Ubiegły weekend majowy spędziliśmy nad morzem. W polarach i wiatrówkach zmagaliśmy się z silnymi podmuchami wiatru i robiliśmy długie spacery wzdłuż wybrzeża. Dzieci zbierały muszelki, których było zatrzęsienie, a nam udało się znaleźć kilka bursztynów. Pierwszego dnia pobytu nad morzem poszliśmy na obiad do polecanej nam smażalni ryb. Ryby tam podane były przepyszne i świeże. Mnie jednak zachwyciła zupa rybna. Była pomidorowo-paprykowa, z dużą ilością ziół, pikantna, z dryfującymi kawałkami ryby i boczku.

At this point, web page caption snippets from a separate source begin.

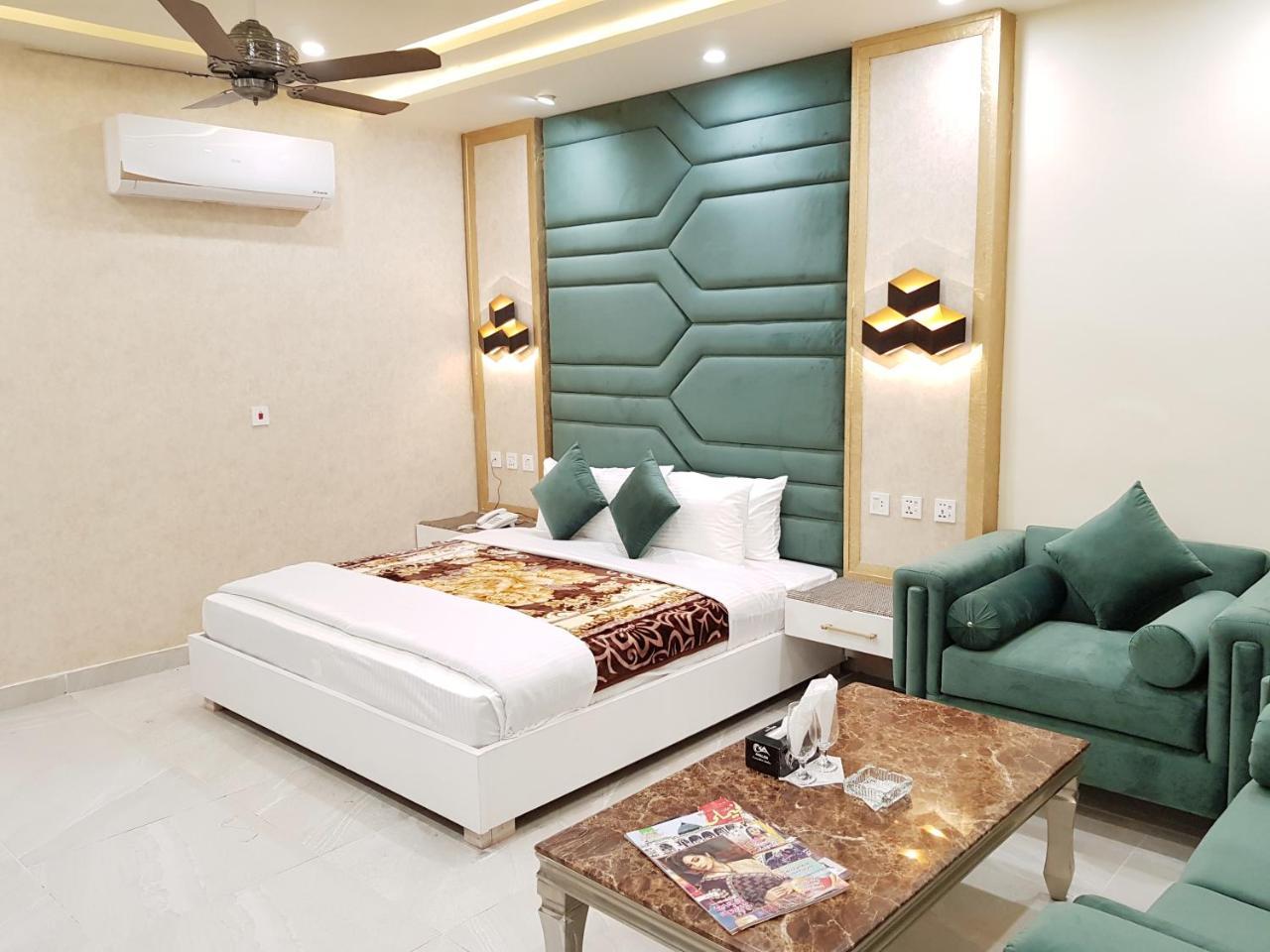 Hotel Avalon Suites Μουλτάν Εξωτερικό φωτογραφία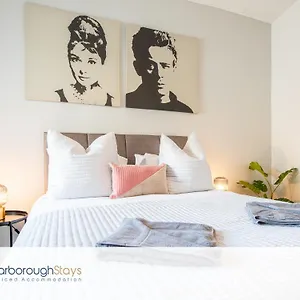 Apartment - Hampton, Scarborough
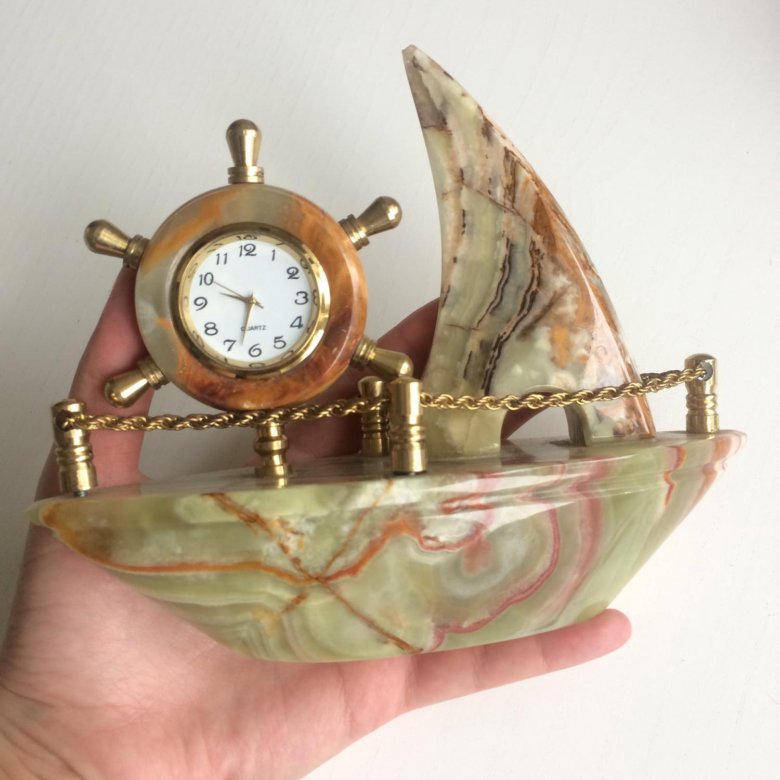 Часы кораблик. Часики кораблик. Часы кораблик. Сувенир корабль с часами. Сувенир из оникса парусник с часами.
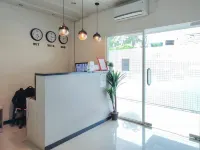 RedDoorz @ Galaxy Bumi Permai Surabaya Hotel di Semolowaru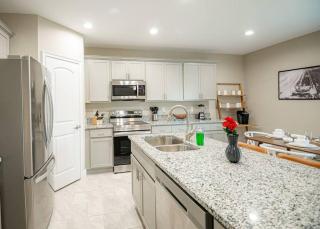 Surf Shack - CLOSE TO BEACH - 3 bedrooms - Daytona Beach Shores - 7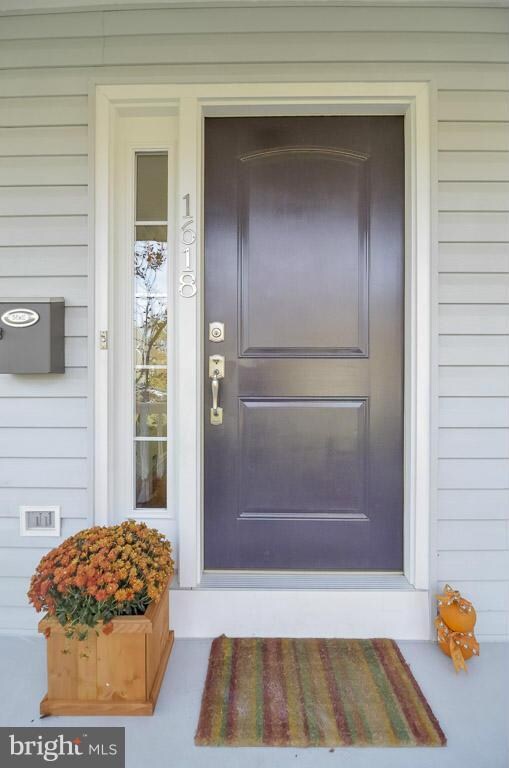 1618 Roberts St, Winchester, VA 22601 - photo 2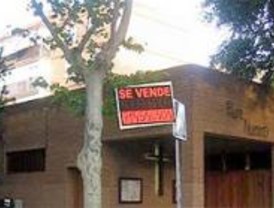 Vecinos de Alameda de Osuna piden que el Arzobispado 'no se lucre' vendiendo su iglesia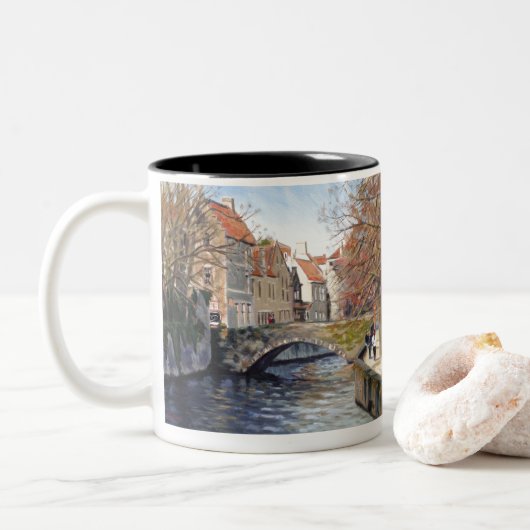 Charmante Alte Brücke über den Kanal in Landschaft Zweifarbige Tasse (Mit Donut)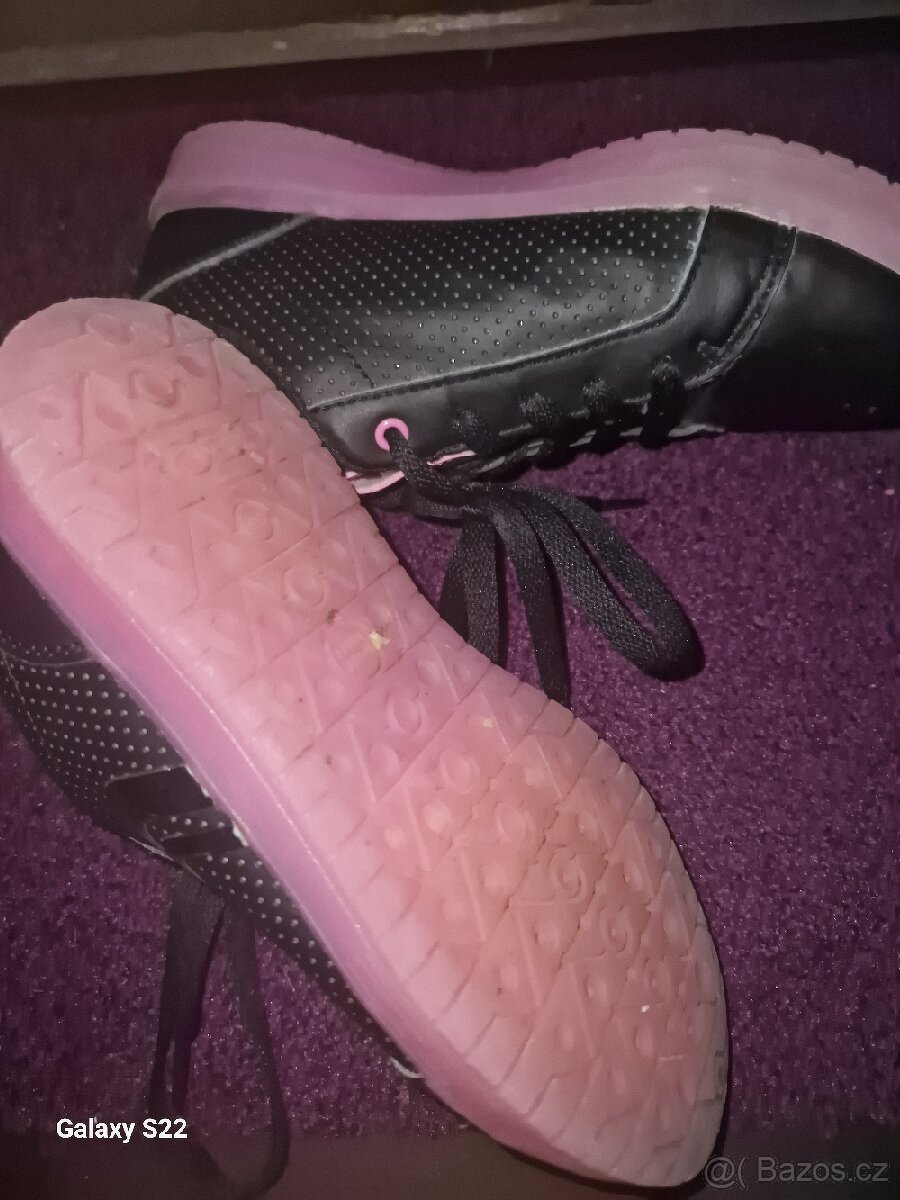 Geox blikací boty 33 - 2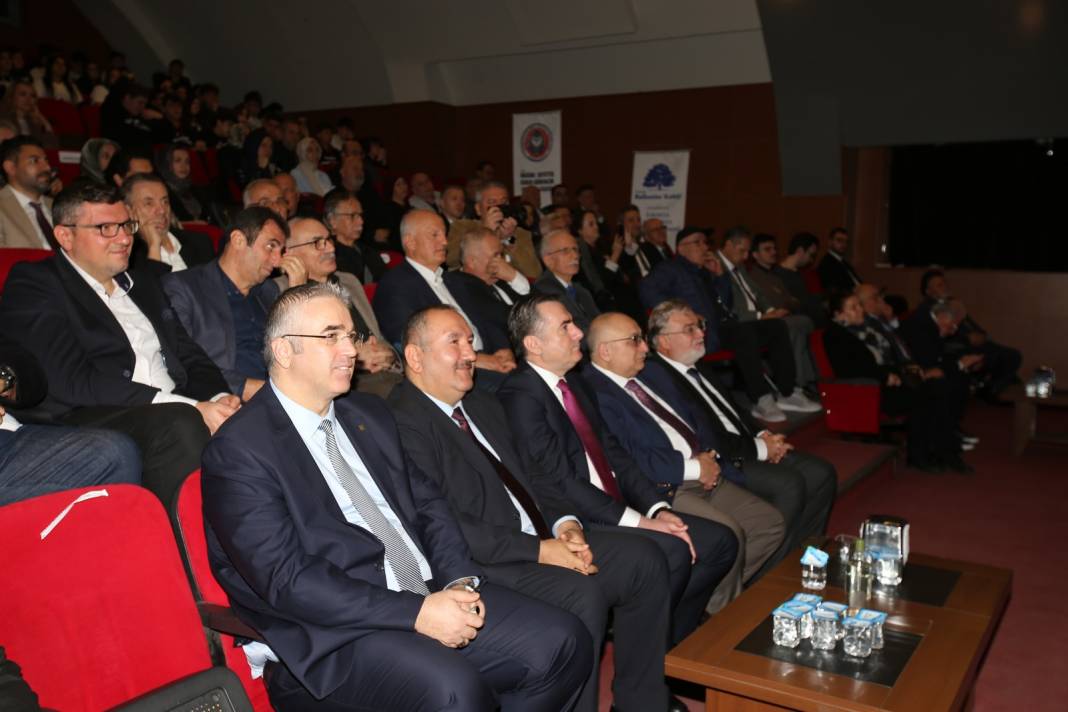 Nasibe Eryetiş Mesleki ve Teknik Anadolu Lisesi'nden Dijital Geleceğe Güvenli Adım: Siber Güvenlik Haftası Coşkusu 10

Następnego dnia kupiliśmy w porcie świeże ryby, które przygotowaliśmy na różne sposoby. Ulegając namowom znajomych, postanowiłam odtworzyć zupę, którą jedliśmy poprzedniego dnia. Gotowaliśmy ją wspólnie. Każdy coś dorzucał. Po raz kolejny okazało się, że wspólne gotowanie daje dużo przyjemności. Wszyscy zgodnie stwierdzili, że nasza zupa była o wiele smaczniejsza od pierwowzoru….
Oto przepis, który odtworzyliśmy (z podsmażonego boczku, który był w oryginale, zrezygnowaliśmy):
Wywar
5 litrów wody
2 marchewki
ćwiartka małej kapusty włoskiej
2 pietruszki
kawałek selera
1 por
6głów ryby (np. dorsz, turbot lub inna ryba-my mieliśmy te dwa rodzaje)
1 cała ryba np. dorsz
łyżeczka ziela angielskiego
4 listki laurowe
4 ząbki czosnku
Warzywa i głowy zalałam zimną wodą, posoliłam. Powoli gotowałam wywar, zajęło to ok. 2 godzin. Następnego dnia podgrzewałam na wolnym ogniu znów około godziny. Wyłowiłam głowy i rybę delikatnie obrałam z mięsa. Kawałeczki mięsa z ryby wrzuciłam do wywaru. Marchew, pietruszkę, seler, kapustę pokroiłam w małe kawałeczki. Por wyrzuciłam.
Zupa właściwa:
dodane na drugi dzień:
1 dorsz
1 papryka czerwona
1 papryczka chili
2 łyżki papryki słodkiej
łyżka oregano
łyżeczka bazylii
pół łyżeczki tymianku
4 przeciśnięte przez praskę ząbki czosnku
słoiczek koncentratu pomidorowego
puszka pomidorów z puszki
1 duża cebula
łyżka masła
2 łyżki oliwy
sól
pieprz
listki maggi
pęczek zielonej pietruszki
sok z cytryny
Na drugi dzień do podgrzanego wywaru dodałam pokrojoną w kostkę czerwoną paprykę i papryczkę chili pokrojoną w paseczki. Na maśle z oliwą podsmażyłam na złoto pokrojoną w kostkę cebulę, którą następnie dodałam do zupy. Dodałam pomidory i koncentrat. Wrzuciłam posiekane listki maggi Następnie dodałam wszystkie przyprawy. Gotowałam na wolnym ogniu. Zupa zgęstniała. Dodałam jeszcze dorsza, który ugotował się i łatwo dało się oddzielić mięso od ości, tak, by na wierzchu pływały kawałki białej rybki. Zupę doprawiłam jeszcze sokiem z cytryny i odrobiną cukru. Na końcu dodałam czosnek.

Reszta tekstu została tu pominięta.